Showing posts with label vacation sober. Show all posts
Showing posts with label vacation sober. Show all posts

Saturday, 12 March 2016

Sober Long Haul

After a year off the booze, I'm finding that doing most things sober has become the 'new normal.'

But then, every now and again, you do something for the first time, and it's hard.

Yesterday was my first sober long haul flight, and in my mind, flying is totally connected to booze.

Firstly, there's the excitement of going away somewhere, or the misery of returning to reality - both of which really necessitate a drink.

Secondly, there's that whole 1950s PanAm glamour thing.

Even though flying has become more and more painful, what with all the sticking cosmetics in see through bags (why? Can you really bring down a plane with a mascara? And, if so, why does being able to see it make it less deadly?) and taking off belts and shoes, it still has that halo of sophistication, which goes nicely with a glass of bubbly.

And thirdly, however much you sort of get the whole science of lift and drag, and differential air speed over the curved wings, it still seems counter-intuitive that such a massive hunk of metal is going to stay in the sky.

Plus there's always that fear that your baggage is on an entirely different aeroplane, or that forty five minutes really isn't long enough for you to make your connecting flight.

A drink helps take the edge off that knot of anxiety.

So, I found not drinking on the flight really hard, and was acutely aware of the 'snap' of the lids of all those little miniature bottles of vino going off around me.

And you know what? Long haul flights feel really long when you're sober.

Everyone else had a drink after take off, and wine with lunch, then happily snoozed for a good long stretch. I, meanwhile, was wide awake for ten hours! It's almost impossible to doze in an economy seat without the anaesthetic of alcohol.

So I was a bit cross.

Then I reminded myself that for the last few years I'd found long haul flights really rather difficult.

I was convinced that BA had had an efficiency drive, and reduced the amount of wine they served on flights (I still have no idea if this was really the case, or if it was just me that had changed). Two of those teeny weeny bottles of wine were nowhere near enough on a long journey!

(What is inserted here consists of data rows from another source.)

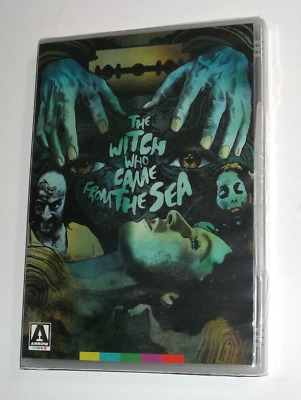 The Witch Who Came From the Sea (DVD, 1976), NEW/SEALED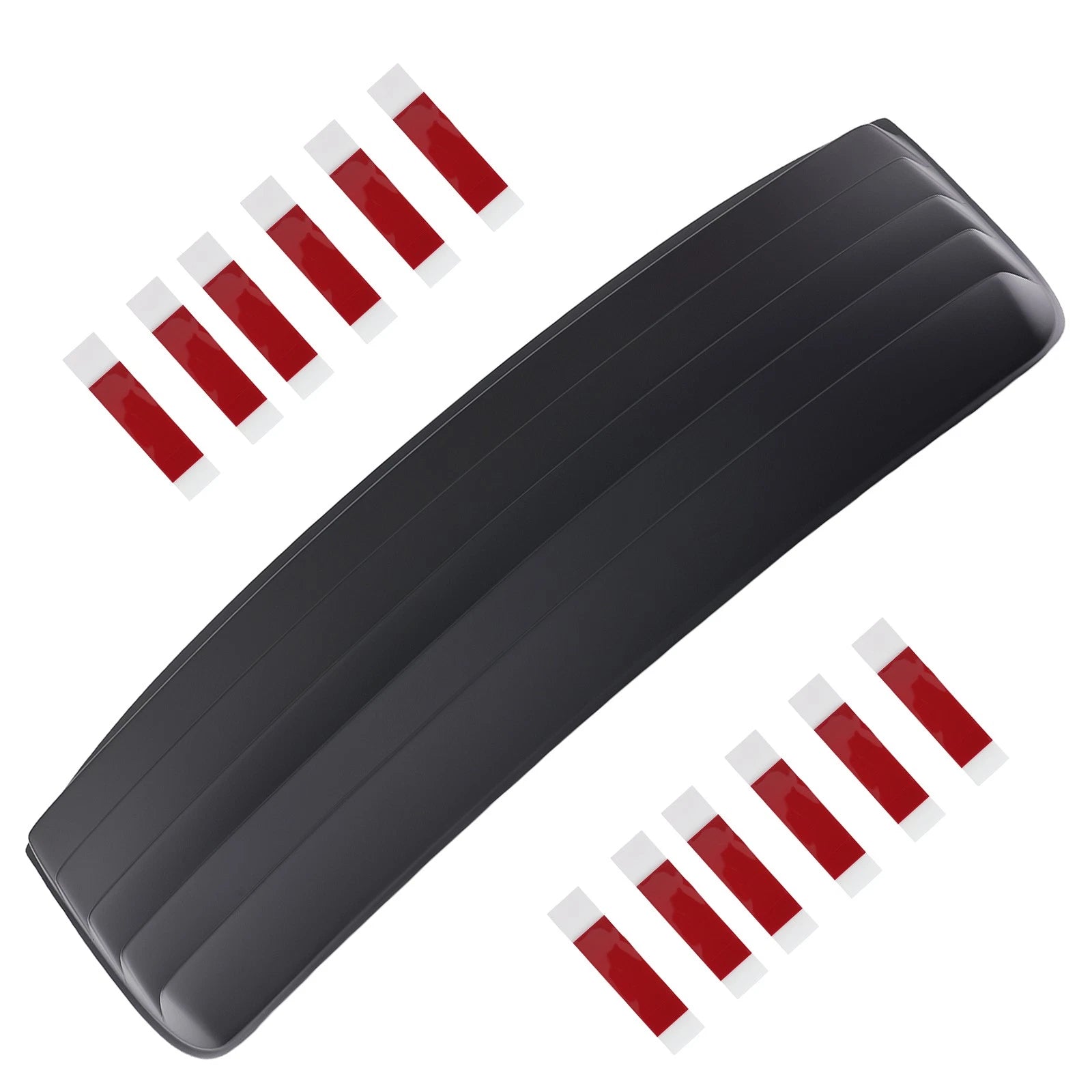 Rear Window Louver Panel for Dodge Challenger (2008–2023)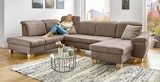 Aktuelles Ecksofa mit Funktion Angebot bei porta Möbel in Frankfurt (Main) ab 1.999,00 €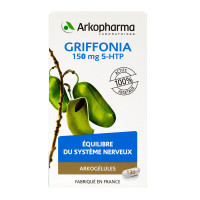 ARKOPHARMA Arkogélules griffonia 150mg 5-HTP 130 gélules-14294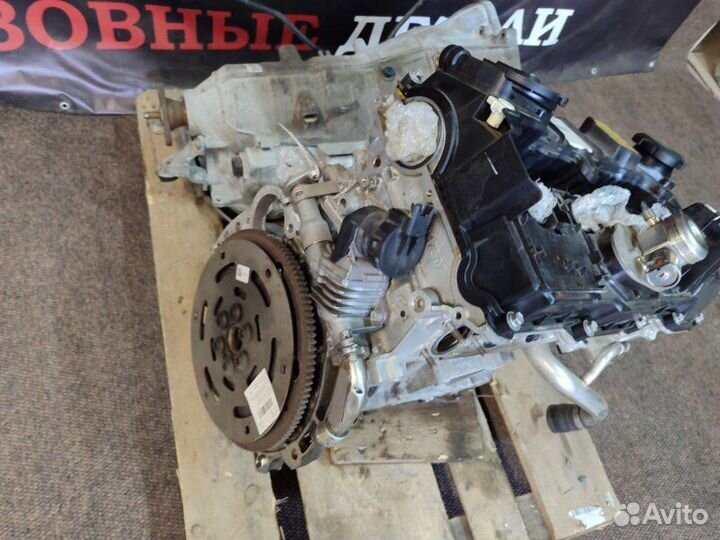 Двигатель Bmw 1-S E87 N43B16 2010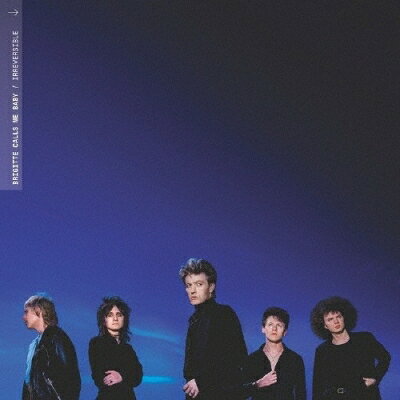 Brigitte Calls Me Baby / Irreversible 【LP】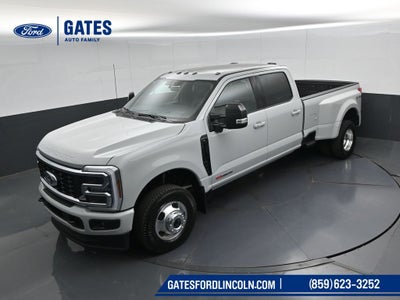 2026 Ford F-350SD Platinum DRW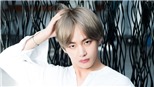 V BTS gây bấn loạn với tạo hình tựa nam thần trong tương lai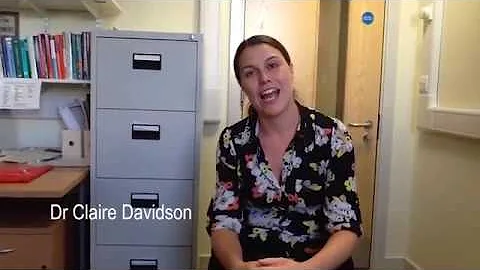 Dr Claire Davidson - Paediatrician with Expertise ...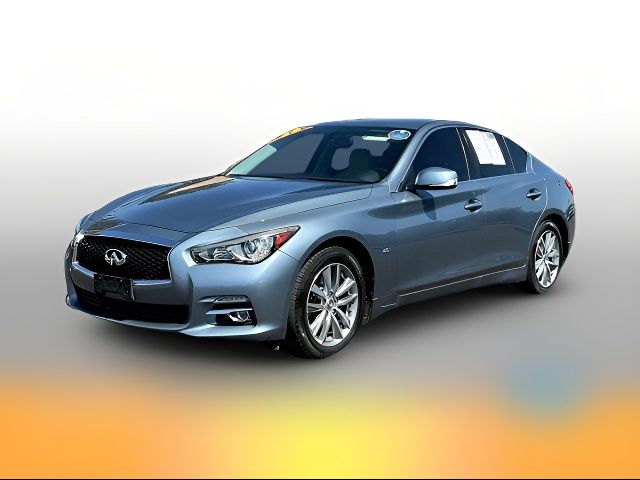 2016 INFINITI Q50 2.0T Premium
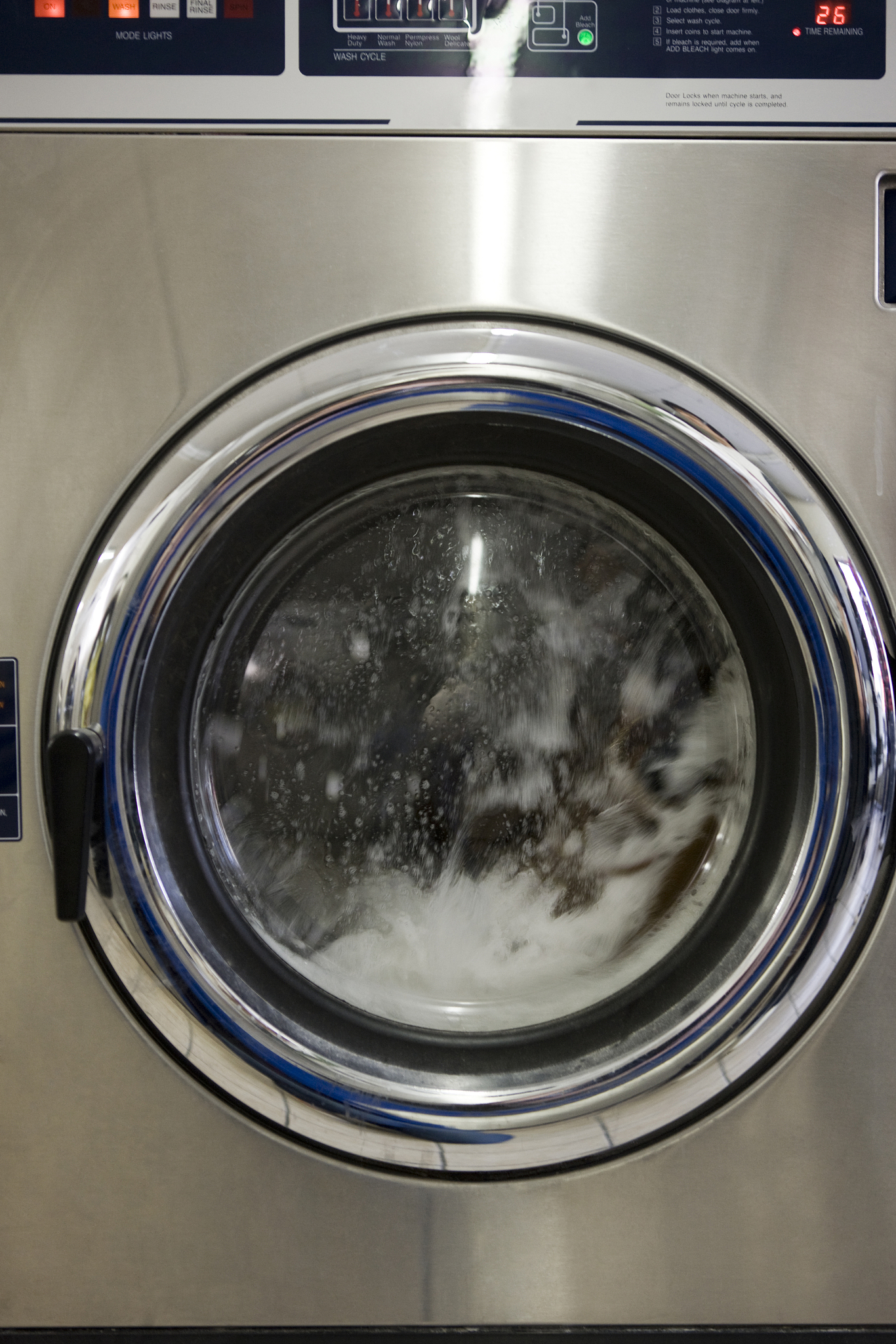 hyundai全自动变频洗衣机的f0是什么故障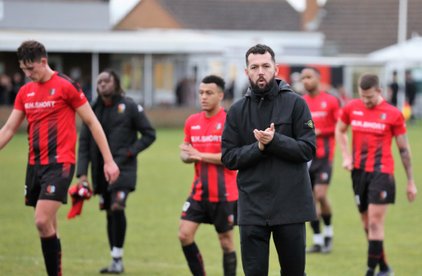 Brett Munyard Returns!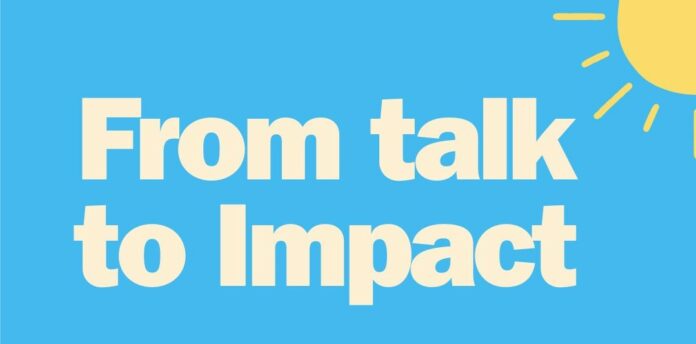 bis Locandina From Talk to impact Camp Giovani ACLI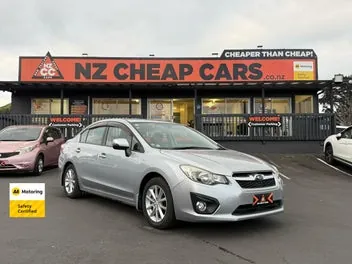 Subaru Impreza 2012 photo 2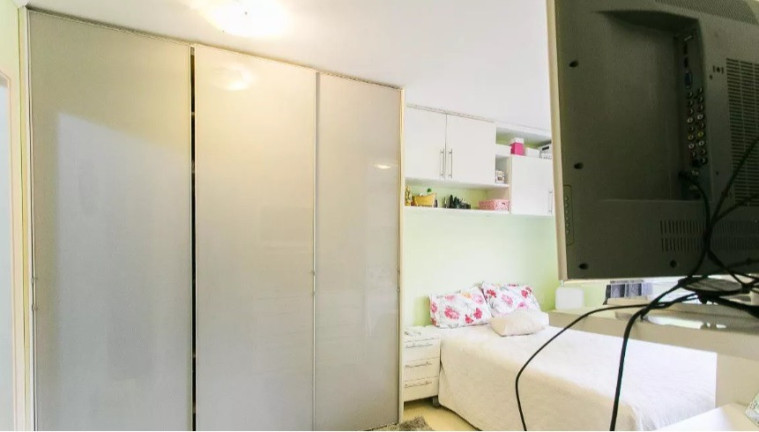 Imagem Apartamento com 4 Quartos à Venda, 121 m² em Vila Regente Feijó - São Paulo Imagem Apartamento com 4 Quartos à Venda, 121 m² em Vila Regente Feijó - São Paulo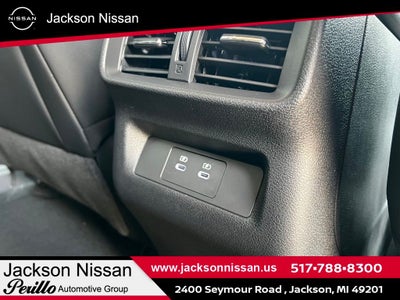 2026 Nissan Murano SV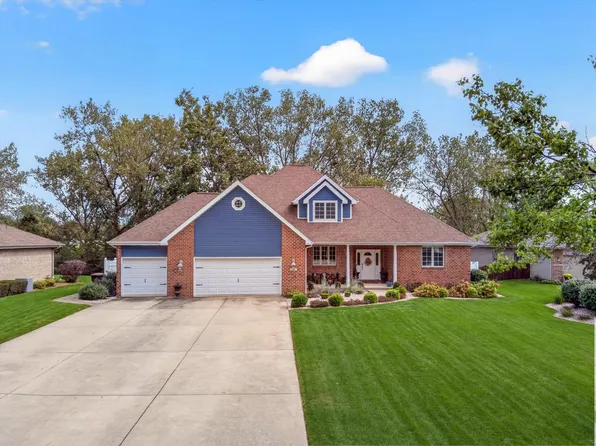 341 Hans Brinker Rd, Peotone, IL 60468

I used to get really edgy waiting for the interminably slow progress of the trolley down the aisle, and then, when I'd finally got my hands on, and finished, my allowance, I'd wrestle for hours with the dilemma of whether it was worth the embarrassment of asking the hassled stewardess for more...

It wasn't relaxing, or glamorous, or exciting any more. It was stressful!

So yesterday, although I was slightly annoyed, was so much easier. And I didn't arrive with that terrible dehydrated, groggy feeling. I bounced off the plane, all bright eyed and bushy tailed (in as much as that's possible at the age of forty seven).

And I know that the return flight will be that much easier. And eventually, sober long haul will feel entirely natural.

After all, it wasn't so long ago that I couldn't imagine a long haul flight without chain smoking! And doesn't that image belong in a whole different era?

(Didn't you meet the most interesting people in the smoking section of planes? Yet another corroboration of my theory that addicts are the best).

Now, here I am, sitting on my terrace, sipping green tea, watching the sun set over a turquoise Caribbean sea, and listening to the faint thwock of croquet mallets connecting with wooden balls on the perfectly manicured lawn below.

Thank you, thank you for all your comments on my last post! If the whole plan comes off it will be as much down to all of you as it is me.

You're awesome. In fact, everything is pretty awesome.